Lent 2022 Day 12
Tue 15 Mar
Exodus 3:3-10 Moses and the burning bush
3 Now Moses was tending the flock of Jethro his father-in-law, the priest of Midian, and he led the flock to the far side of the wilderness and came to Horeb, the mountain of God. 2 There the angel of the Lord appeared to him in flames of fire from within a bush. Moses saw that though the bush was on fire it did not burn up.
God called to him from within the bush, ‘Moses! Moses!’ And Moses said, ‘Here I am.’
5 ‘Do not come any closer,’ God said. ‘Take off your sandals, for the place where you are standing is holy ground.’ 6 Then he said, ‘I am the God of your father, the God of Abraham, the God of Isaac and the God of Jacob.’ At this, Moses hid his face, because he was afraid to look at God.
7 The Lord said, ‘I have indeed seen the misery of my people in Egypt. I have heard them crying out because of their slave drivers, and I am concerned about their suffering. 8 So I have come down to rescue them from the hand of the Egyptians and to bring them up out of that land into a good and spacious land, a land flowing with milk and honey – the home of the Canaanites, Hittites, Amorites, Perizzites, Hivites and Jebusites. 9 And now the cry of the Israelites has reached me, and I have seen the way the Egyptians are oppressing them. 10 So now, go. I am sending you to Pharaoh to bring my people the Israelites out of Egypt.’

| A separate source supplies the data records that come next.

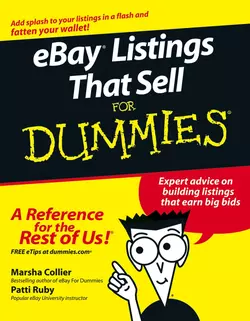 eBay Listings That Sell For Dummies, Marsha Collier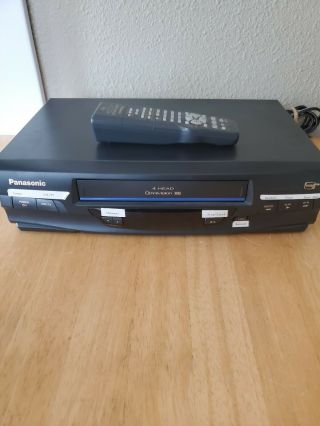 Panasonic Pv - V4020 Vcr 4 - Head Video Cassette Recorder Vhs Player Great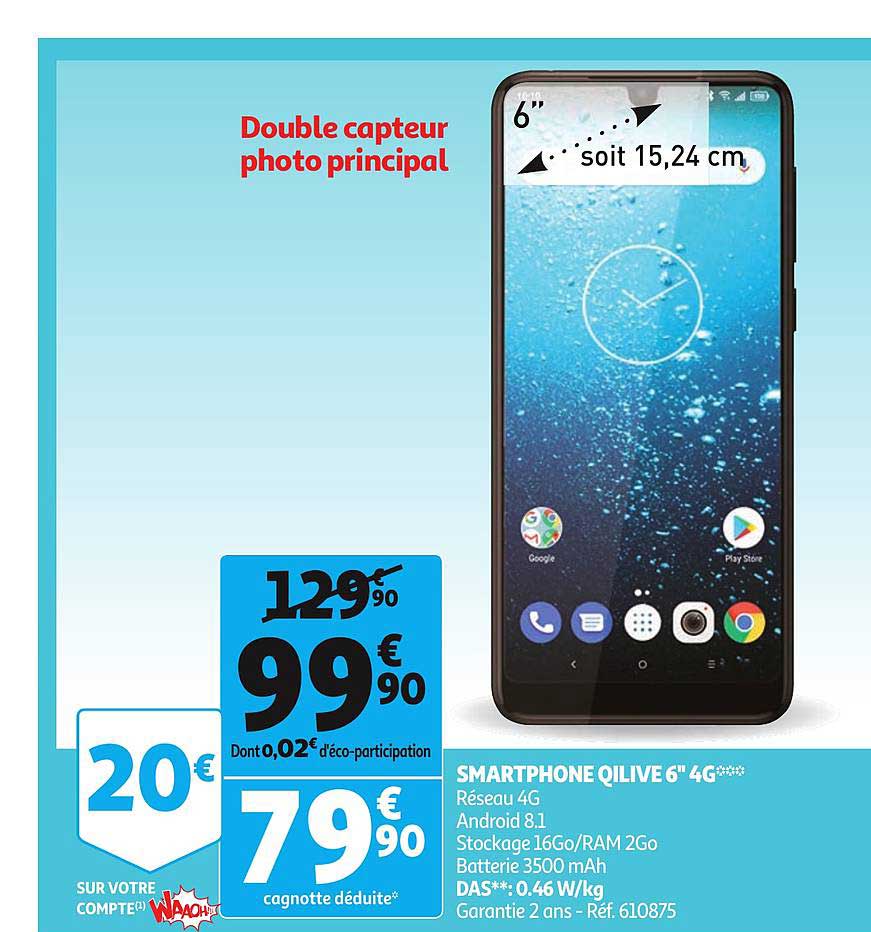 Smartphone Qilive 6'' 4g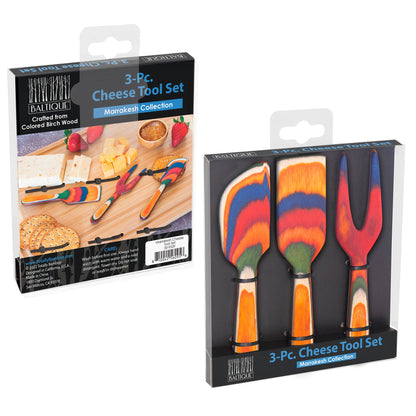 Baltique® Marrakesh Collection 3-Piece Cheese Tool Set - Decor Addict, LLC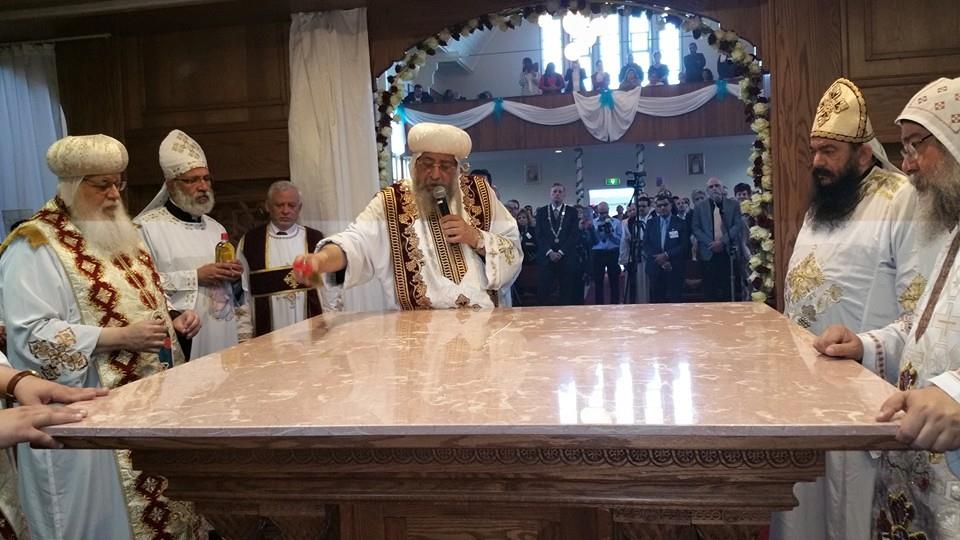 Pope Tawadros inaugurates the fifth church in the Netherlands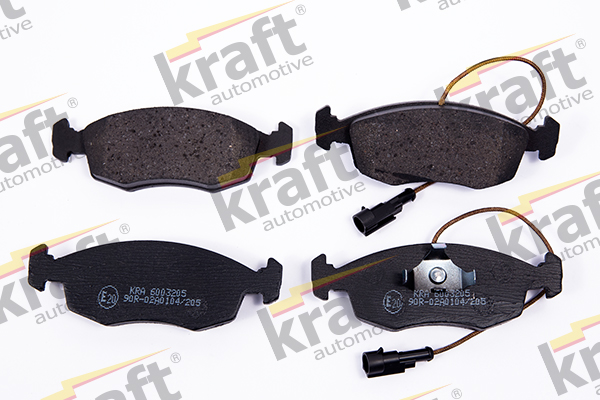 stabdžių trinkelių rinkinys, diskinis stabdys - 6003205 KRAFT AUTOMOTIVE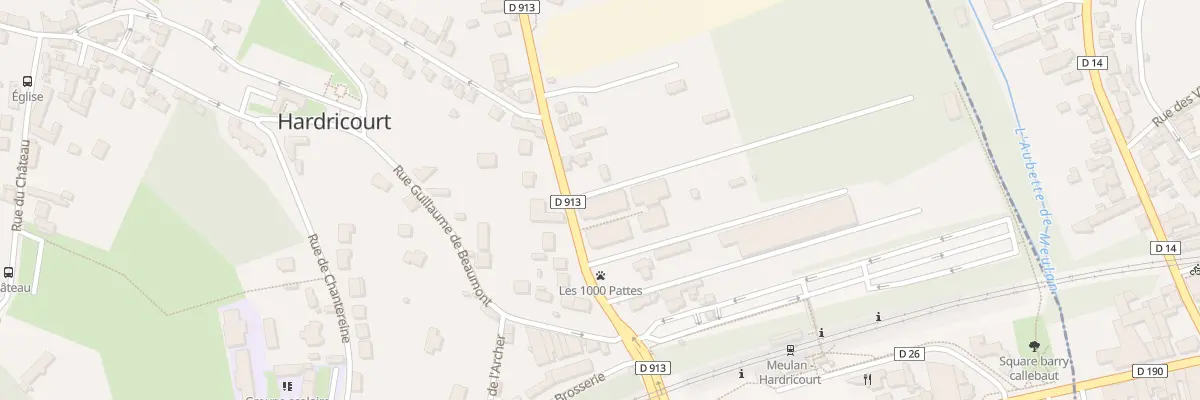 Plan du 20 Rue du Vexin à Hardricourt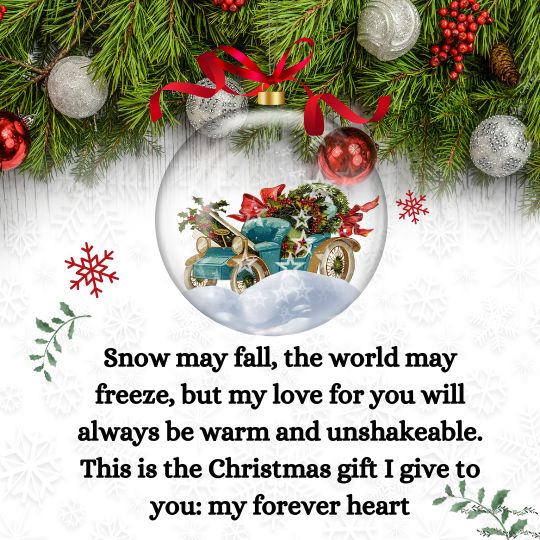 Romantic christmas quotes for husband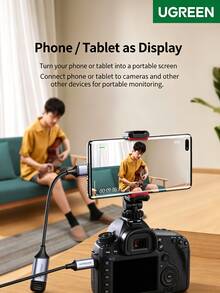 UGREEN Kartu Tangkap Video HDMI CM629, Chip Input Definisi Tinggi 4K, Streaming dan Perekaman Game, Kompatibel dengan Switch/PS5/Kamera, Ponsel, Tablet, dan USB 3.0 Tipe-C. - View 7
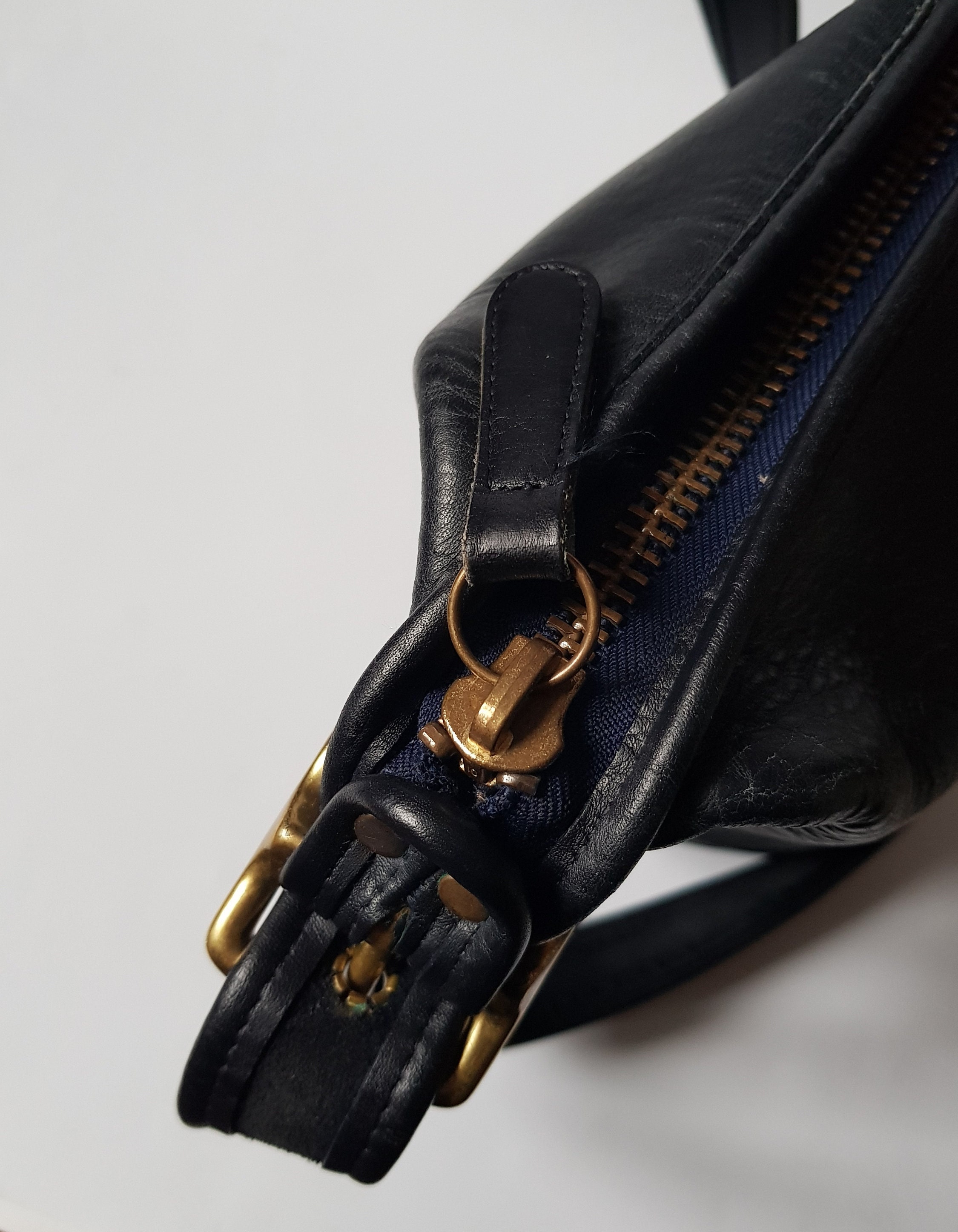 Vintage Coach Leather Bucket Bag, Black Crossbody, XL - Etsy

It seemed to be some time before God decided to act.
Reading the end of Exodus 2 you might think that God had put his covenant with Abraham in a drawer and forgotten where he put it. When should God act? Immediately, or after some time? If he acts immediately then his people would be untouchable – might they get proud? If he delays, then for how long? The strange dichotomy is that God’s power is better celebrated and remembered when he acts in miraculous ways, and that would be when situations have deteriorated beyond human control.

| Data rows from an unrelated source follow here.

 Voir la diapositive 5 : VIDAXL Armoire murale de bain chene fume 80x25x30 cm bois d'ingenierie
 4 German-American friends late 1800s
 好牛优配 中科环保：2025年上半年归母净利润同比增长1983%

Does God look on suffering with dispassionate eyes? Does he not reserve his glory?
The Israelites had suffered in Egypt, where once Jacob’s son Joseph was second-in-command in the land. How is God going to honour his covenant with Abraham? When he appears to fugitive murderer Moses, he announces himself with an extra name – did you notice that he is now the God of Abraham, Isaac and Jacob? Every name is a testament to God’s plan.

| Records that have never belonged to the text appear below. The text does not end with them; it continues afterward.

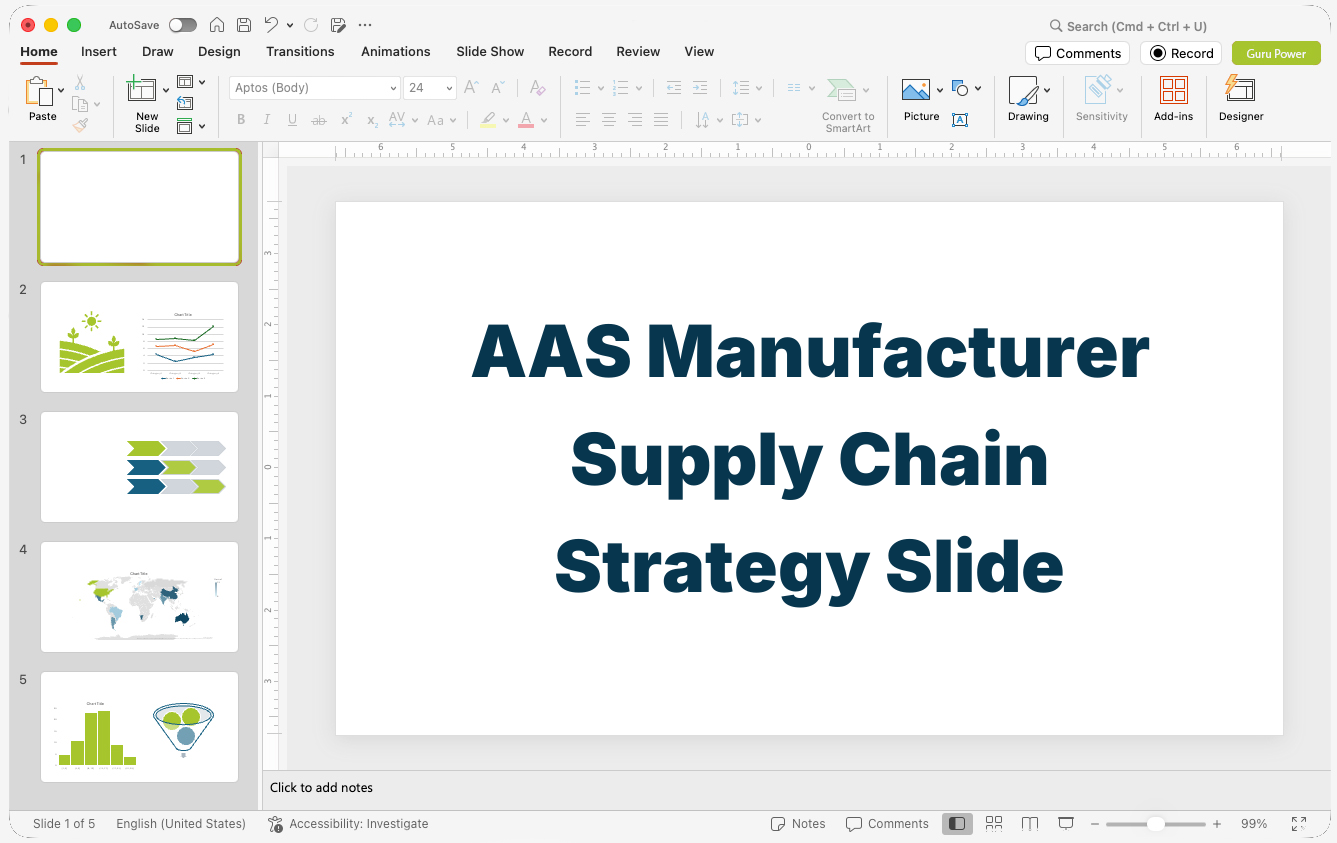 AAS Manufacturer Supply Chain Strategy Slide-Deck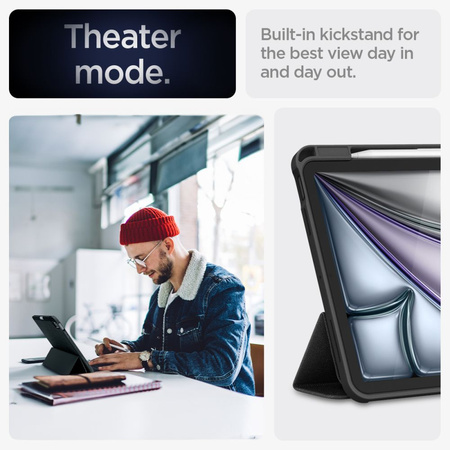 SPIGEN URBAN FIT CASE DO IPAD AIR 10.9 2020 2022 2024 2025 Z OCHRONĄ EKRANU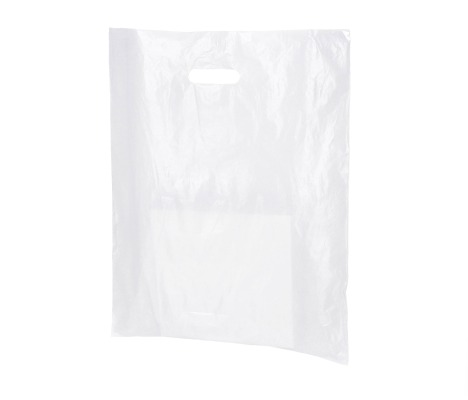 MSKR-3: 400 x 500 mm 100 pcs. plastic bag with crossed handle 1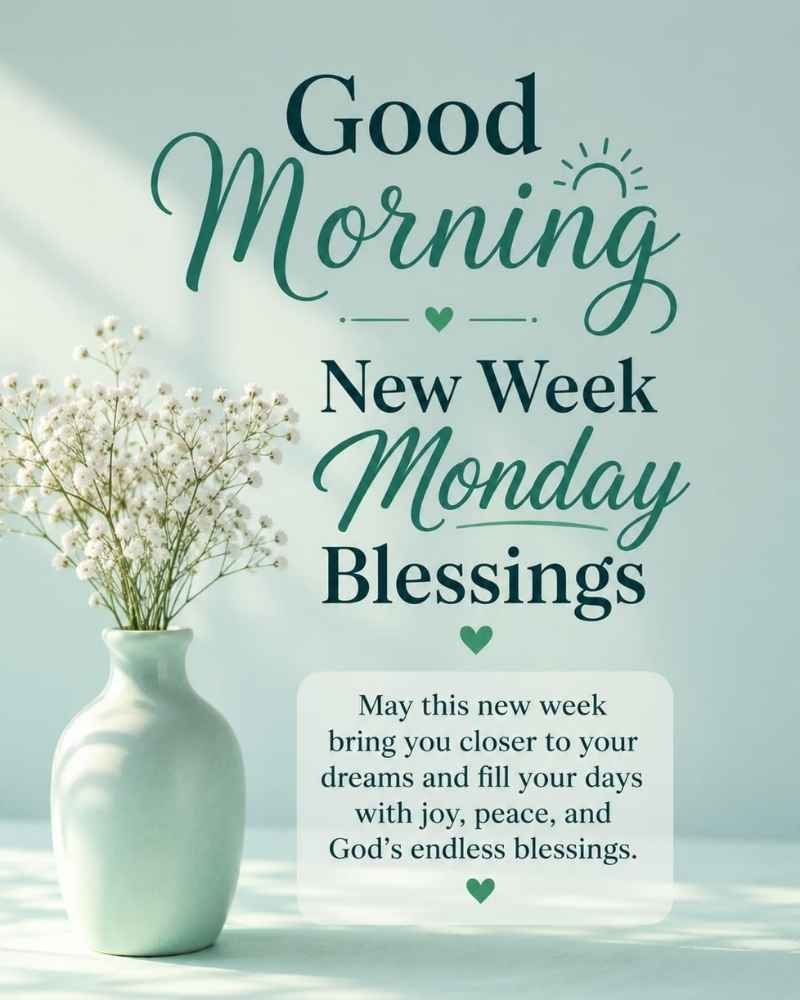 New Week Monday Blessings Images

God has a plan. An amazing plan, one that will form the heart of the identity of God’s people Israel. Time and time again God reminds his people that he brought them out of slavery in Egypt and into their own land. God is building a nation.
Moses is a wanted man in Egypt, which makes one wonder why God used him. Who am I, asked Moses, that you should call me? That’s not a question for God. The more useless the sent, the more evidence there is that it’s the sender who is great. Moses may have been brought up in courtly style but he was a duffer. Read chapter 4 and find out how there are no excuses that God will accept when he calls.
What’s your excuse?
Father God, in your presence I stand on holy ground. Wherever and whenever I come to you, in prayer, at home, at work, in town, daytime or night-time, the place where I am becomes a holy place, because you are holy, and your holiness suffuses everything. It is only your presence that makes a place holy. Without you no place remains holy. Your gift of Jesus, alive in me, is all the holiness I need. Amen.